Paris 22d April 1812
My dear Sir
The Hornet is Going to Sail. By Her You Will Receive dispatches Which Make it Unnecessary for me to add farther informations. I the more Lament the Appearant dispositions of the british Ministry With Respect to the orders in Council as I More fervently Wish the U. S. May not be involved in a War. Our friend Mr. Barlow tells you the present state of His Negociations. I shall therefore Confine myself to a few lines respecting those private Concerns of mine for Which I am So gratefully obliged to You. I do not Wonder the two patents mentionned in your last letter1 did not Arrive by the Wasp—public business, both in Congress and in the Government Have no doubt postponed the Affairs of individuals.
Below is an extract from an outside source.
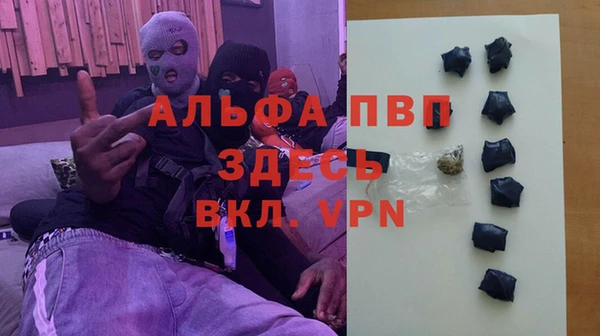 прущие грибы Абдулино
I Have informed You, my dear friend, that after the Receipt of your Letter2 stating that no Sale or loan Could be made in America, and with the advice of Mr. Barlow and other friends who thought that in the growing desperate Situation of my affairs I ought not miss an opportunity Hitherto improbable and in their opinion Very advantageous, I Had determined to Sell my four patents to Sir John Coghill at the rate of Sixty francs about twelve dollars an Acre payable in paris.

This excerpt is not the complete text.